Solar flares are a common phenomenon and generally don't pose much risk to the Earth. However, a superflare can destroy the Earth. Yes, you read it right. Also, a recent study by the scientists at the University of Colorado at Boulder (UCB) has claimed that the Earth could continue to host life as long as the sun does not experience a massive burst of energy called a superflare.
The study, which is published in the journal of 'The Astrophysical', said that the astronomers studying the edges of the Milky Way have in recent years observed some of the most brilliant pyrotechnic displays (a firework display) in the galaxy called superflares.
It is to be noted that so far scientists weren't sure what is causing these gargantuan eruptions of energy--which can be seen from hundreds of light-years away- but they have assumed that it is the product of very young, very active stars rotating very quickly and with lots of fuel to burn.

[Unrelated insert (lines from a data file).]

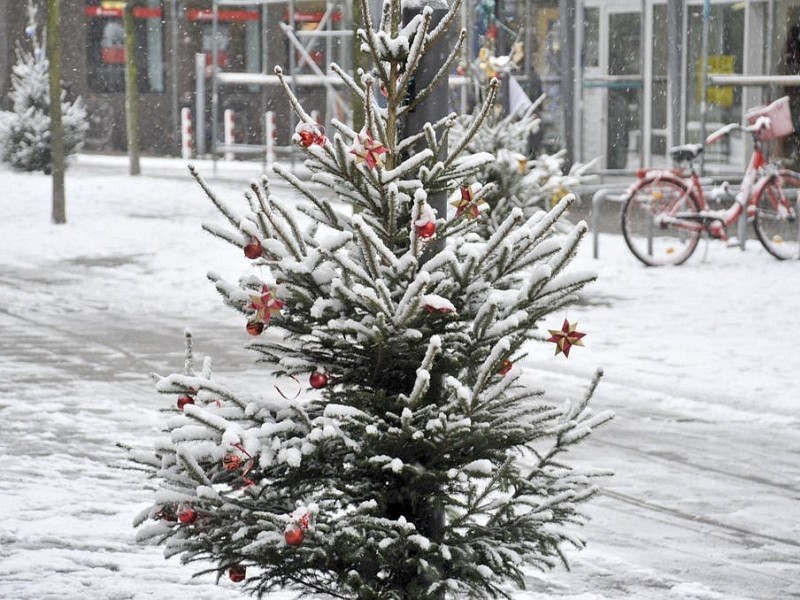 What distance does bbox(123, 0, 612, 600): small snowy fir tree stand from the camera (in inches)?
142

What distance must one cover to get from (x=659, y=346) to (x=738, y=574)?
4.99 m

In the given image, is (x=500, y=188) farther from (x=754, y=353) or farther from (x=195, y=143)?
(x=195, y=143)

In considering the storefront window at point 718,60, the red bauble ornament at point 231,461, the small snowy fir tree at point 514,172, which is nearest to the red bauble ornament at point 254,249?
the red bauble ornament at point 231,461

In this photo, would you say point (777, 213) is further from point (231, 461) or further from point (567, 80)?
point (231, 461)

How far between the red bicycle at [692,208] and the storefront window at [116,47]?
22.8 meters

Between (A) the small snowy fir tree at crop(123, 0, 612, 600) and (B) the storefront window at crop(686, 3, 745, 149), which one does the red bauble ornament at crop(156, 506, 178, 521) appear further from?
(B) the storefront window at crop(686, 3, 745, 149)

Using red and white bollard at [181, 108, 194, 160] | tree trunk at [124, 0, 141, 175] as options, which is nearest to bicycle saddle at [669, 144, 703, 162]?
tree trunk at [124, 0, 141, 175]

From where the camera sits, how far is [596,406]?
8672mm

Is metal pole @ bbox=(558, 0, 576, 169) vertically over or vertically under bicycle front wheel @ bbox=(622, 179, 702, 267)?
over

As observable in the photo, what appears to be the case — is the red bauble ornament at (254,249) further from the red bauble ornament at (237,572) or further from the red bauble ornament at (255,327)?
the red bauble ornament at (237,572)

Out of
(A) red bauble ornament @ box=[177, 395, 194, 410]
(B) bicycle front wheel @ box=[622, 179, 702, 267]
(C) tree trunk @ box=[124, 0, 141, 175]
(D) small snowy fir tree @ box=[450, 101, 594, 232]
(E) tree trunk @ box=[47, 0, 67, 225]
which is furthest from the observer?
(C) tree trunk @ box=[124, 0, 141, 175]

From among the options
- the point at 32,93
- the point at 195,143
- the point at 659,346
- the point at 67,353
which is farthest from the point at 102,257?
the point at 195,143

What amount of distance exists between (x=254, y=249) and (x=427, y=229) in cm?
44

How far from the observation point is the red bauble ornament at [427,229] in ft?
11.8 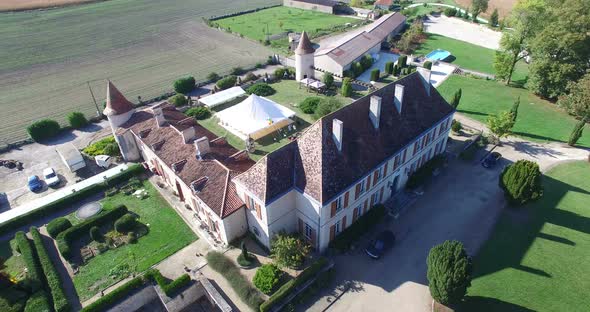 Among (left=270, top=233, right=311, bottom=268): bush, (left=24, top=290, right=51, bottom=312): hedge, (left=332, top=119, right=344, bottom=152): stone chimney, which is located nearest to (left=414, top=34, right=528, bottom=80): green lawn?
(left=332, top=119, right=344, bottom=152): stone chimney

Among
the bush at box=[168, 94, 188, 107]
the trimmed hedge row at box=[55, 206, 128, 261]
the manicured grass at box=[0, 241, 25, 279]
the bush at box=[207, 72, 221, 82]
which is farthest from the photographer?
the bush at box=[207, 72, 221, 82]

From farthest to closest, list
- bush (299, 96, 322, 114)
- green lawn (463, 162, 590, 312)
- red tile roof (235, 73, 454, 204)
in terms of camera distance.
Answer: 1. bush (299, 96, 322, 114)
2. red tile roof (235, 73, 454, 204)
3. green lawn (463, 162, 590, 312)

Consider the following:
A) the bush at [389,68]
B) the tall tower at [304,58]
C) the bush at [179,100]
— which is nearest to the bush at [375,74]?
the bush at [389,68]

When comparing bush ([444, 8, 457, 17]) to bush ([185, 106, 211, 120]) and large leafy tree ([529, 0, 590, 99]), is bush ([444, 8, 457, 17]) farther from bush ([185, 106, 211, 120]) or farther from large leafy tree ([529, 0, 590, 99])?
bush ([185, 106, 211, 120])

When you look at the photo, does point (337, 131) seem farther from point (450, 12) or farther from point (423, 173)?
point (450, 12)

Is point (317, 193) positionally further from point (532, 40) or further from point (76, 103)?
point (76, 103)

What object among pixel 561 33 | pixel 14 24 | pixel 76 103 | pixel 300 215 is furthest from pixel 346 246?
pixel 14 24

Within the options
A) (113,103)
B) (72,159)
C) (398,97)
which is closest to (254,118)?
(113,103)

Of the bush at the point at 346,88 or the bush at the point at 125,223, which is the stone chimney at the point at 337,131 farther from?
the bush at the point at 346,88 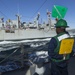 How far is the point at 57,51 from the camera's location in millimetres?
4172

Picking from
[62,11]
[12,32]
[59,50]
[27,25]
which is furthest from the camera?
[27,25]

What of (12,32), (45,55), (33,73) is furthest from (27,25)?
(33,73)

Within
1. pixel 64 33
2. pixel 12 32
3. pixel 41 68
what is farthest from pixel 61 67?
pixel 12 32

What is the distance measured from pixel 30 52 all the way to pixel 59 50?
3.18m

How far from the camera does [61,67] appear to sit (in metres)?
4.40

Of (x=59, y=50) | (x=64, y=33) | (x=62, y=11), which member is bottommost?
(x=59, y=50)

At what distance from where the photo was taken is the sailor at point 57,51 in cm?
414

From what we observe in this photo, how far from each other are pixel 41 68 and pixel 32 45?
172 cm

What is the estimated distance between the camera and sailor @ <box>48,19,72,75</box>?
4145 mm

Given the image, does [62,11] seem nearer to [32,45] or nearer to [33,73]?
[32,45]

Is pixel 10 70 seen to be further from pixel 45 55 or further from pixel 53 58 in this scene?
pixel 53 58

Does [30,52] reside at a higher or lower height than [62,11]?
lower

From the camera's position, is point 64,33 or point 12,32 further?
point 12,32

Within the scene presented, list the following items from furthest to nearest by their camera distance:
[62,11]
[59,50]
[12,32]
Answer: [12,32], [62,11], [59,50]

Now, new research shows with more confidence than ever before that superflares can occur on older, quieter stars like our own may be more rarely, or about once every few thousand years.
"The results should be a wake-up call for life on our planet," said Yuta Notsu, the lead author of the study.
“If a superflare erupted from the sun, Earth would likely sit in the path of a wave of high-energy radiation. Such a blast could disrupt electronics across the globe, causing widespread blackouts and shorting out communication satellites in orbit,” he said.
"Our study shows that superflares are rare events. But there is some possibility that we could experience such an event in the next 100 years or so," Notsu added.
He further said, "When our sun was young, it was very active because it rotated very fast and probably generated more powerful flares. But we didn't know if such large flares occur on the modern sun with very low frequency."